• Exercise instructions:
Let the answer be the lines from the one with "Dwanton Orthopedic Waterproof" to the end of the entries, copied exactly with both boundary lines kept.

• Dataset content:
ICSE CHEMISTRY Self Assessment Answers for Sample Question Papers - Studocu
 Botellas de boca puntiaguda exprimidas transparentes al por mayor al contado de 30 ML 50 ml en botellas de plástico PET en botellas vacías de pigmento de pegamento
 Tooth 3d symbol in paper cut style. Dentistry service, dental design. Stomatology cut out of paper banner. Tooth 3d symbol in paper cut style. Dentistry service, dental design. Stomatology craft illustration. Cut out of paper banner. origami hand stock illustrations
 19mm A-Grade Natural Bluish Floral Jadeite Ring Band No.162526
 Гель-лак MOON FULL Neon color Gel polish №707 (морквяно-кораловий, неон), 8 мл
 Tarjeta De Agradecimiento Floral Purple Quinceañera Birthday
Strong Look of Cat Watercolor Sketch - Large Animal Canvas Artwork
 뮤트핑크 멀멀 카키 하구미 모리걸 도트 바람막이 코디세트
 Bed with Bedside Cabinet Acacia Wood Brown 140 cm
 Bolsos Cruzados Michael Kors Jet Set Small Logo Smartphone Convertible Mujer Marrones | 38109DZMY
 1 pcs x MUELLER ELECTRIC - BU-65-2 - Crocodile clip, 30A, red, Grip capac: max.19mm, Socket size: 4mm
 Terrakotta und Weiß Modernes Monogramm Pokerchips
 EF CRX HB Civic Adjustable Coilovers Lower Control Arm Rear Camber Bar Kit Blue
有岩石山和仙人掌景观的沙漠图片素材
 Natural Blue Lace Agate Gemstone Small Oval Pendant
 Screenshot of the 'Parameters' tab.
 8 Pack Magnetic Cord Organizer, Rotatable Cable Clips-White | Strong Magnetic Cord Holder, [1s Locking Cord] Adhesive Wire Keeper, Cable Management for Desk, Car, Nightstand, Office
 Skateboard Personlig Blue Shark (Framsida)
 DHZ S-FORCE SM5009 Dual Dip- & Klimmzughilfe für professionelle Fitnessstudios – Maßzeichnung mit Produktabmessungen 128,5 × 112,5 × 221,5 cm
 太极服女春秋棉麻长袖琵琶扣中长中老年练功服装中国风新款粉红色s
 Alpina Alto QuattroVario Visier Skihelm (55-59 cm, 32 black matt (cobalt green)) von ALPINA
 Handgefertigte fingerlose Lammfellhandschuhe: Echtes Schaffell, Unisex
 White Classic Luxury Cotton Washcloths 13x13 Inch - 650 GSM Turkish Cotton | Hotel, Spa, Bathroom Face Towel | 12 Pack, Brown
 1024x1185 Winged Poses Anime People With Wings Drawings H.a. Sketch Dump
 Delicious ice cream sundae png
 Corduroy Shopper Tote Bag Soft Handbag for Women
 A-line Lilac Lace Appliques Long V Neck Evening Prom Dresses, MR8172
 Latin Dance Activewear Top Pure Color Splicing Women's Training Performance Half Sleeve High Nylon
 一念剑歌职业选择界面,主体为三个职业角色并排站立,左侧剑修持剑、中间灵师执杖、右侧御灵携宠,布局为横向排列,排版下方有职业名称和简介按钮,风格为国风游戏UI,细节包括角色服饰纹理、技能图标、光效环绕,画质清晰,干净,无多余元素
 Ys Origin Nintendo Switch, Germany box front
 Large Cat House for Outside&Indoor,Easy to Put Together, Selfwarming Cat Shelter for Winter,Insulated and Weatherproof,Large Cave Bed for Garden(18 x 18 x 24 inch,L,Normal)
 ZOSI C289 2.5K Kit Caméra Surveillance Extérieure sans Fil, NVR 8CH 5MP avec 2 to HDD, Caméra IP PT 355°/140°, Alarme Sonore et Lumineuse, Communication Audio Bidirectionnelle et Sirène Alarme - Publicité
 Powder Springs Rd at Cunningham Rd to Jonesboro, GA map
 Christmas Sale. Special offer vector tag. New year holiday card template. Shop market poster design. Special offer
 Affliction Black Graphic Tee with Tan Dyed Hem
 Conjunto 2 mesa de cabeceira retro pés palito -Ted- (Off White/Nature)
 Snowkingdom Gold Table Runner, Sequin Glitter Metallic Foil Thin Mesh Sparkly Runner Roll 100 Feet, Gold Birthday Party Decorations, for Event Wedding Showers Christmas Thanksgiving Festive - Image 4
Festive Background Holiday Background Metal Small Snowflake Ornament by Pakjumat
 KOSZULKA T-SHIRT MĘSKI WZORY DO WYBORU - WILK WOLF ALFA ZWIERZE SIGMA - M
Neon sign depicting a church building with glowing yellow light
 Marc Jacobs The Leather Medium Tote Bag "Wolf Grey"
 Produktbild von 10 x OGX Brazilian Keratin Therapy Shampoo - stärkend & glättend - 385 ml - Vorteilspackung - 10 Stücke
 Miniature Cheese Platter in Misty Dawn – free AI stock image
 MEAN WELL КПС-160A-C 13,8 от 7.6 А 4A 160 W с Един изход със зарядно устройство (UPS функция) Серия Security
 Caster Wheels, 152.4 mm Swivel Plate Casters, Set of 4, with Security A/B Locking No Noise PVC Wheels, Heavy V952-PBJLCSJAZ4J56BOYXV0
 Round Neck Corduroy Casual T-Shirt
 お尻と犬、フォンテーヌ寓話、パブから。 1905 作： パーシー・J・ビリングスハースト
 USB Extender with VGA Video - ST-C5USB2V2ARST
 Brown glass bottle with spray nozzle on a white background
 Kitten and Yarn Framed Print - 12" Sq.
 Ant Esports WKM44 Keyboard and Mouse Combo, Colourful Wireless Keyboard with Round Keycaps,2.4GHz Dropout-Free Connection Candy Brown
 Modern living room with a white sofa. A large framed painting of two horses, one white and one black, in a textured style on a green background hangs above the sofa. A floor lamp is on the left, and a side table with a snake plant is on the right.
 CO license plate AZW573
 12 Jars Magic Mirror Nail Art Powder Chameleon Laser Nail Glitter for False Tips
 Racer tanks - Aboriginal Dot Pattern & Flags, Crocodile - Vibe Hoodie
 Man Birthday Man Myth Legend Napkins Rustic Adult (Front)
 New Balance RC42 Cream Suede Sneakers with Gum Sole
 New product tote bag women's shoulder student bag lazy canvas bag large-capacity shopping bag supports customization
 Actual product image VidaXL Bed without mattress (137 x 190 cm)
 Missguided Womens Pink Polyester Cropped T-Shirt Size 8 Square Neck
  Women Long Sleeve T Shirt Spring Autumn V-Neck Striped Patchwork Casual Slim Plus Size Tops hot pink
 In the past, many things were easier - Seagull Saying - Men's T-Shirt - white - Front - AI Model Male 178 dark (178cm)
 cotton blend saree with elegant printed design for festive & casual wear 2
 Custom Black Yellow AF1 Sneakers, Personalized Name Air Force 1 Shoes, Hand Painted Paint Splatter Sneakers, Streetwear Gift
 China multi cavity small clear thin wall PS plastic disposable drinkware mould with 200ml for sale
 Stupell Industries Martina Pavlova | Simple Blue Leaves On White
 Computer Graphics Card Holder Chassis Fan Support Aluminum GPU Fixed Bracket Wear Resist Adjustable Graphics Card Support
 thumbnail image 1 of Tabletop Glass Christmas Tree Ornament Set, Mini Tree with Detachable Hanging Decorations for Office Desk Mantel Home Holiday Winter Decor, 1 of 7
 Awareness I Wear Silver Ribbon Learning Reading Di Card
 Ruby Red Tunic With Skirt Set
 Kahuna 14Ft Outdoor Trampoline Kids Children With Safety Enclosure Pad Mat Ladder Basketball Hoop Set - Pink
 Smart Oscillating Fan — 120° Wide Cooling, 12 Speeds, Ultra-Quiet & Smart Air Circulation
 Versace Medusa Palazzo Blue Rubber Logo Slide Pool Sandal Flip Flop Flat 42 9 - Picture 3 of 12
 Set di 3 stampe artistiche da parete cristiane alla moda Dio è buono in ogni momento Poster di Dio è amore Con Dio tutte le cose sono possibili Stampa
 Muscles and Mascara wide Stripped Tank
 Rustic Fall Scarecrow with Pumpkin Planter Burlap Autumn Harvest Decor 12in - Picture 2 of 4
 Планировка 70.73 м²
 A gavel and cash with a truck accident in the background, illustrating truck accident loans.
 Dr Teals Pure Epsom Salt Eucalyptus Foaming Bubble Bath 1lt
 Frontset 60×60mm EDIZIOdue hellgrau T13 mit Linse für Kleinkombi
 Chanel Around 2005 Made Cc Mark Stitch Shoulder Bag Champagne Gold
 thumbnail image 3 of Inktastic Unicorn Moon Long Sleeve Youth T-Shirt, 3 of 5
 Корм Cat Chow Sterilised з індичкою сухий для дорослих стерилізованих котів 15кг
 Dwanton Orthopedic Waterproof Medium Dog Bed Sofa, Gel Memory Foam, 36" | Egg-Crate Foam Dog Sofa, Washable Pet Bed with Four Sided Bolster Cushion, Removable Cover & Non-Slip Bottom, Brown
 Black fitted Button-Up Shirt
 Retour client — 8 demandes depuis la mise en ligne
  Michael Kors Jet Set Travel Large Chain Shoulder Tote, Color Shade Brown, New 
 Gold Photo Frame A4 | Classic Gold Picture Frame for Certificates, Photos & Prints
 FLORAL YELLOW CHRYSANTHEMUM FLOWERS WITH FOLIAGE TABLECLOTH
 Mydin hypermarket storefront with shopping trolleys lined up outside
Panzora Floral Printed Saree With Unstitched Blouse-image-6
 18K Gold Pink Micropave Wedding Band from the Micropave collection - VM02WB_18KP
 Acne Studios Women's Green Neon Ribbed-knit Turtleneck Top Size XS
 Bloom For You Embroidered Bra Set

• Final answer:
 Dwanton Orthopedic Waterproof Medium Dog Bed Sofa, Gel Memory Foam, 36" | Egg-Crate Foam Dog Sofa, Washable Pet Bed with Four Sided Bolster Cushion, Removable Cover & Non-Slip Bottom, Brown
 Black fitted Button-Up Shirt
 Retour client — 8 demandes depuis la mise en ligne
  Michael Kors Jet Set Travel Large Chain Shoulder Tote, Color Shade Brown, New 
 Gold Photo Frame A4 | Classic Gold Picture Frame for Certificates, Photos & Prints
 FLORAL YELLOW CHRYSANTHEMUM FLOWERS WITH FOLIAGE TABLECLOTH
 Mydin hypermarket storefront with shopping trolleys lined up outside
Panzora Floral Printed Saree With Unstitched Blouse-image-6
 18K Gold Pink Micropave Wedding Band from the Micropave collection - VM02WB_18KP
 Acne Studios Women's Green Neon Ribbed-knit Turtleneck Top Size XS
 Bloom For You Embroidered Bra Set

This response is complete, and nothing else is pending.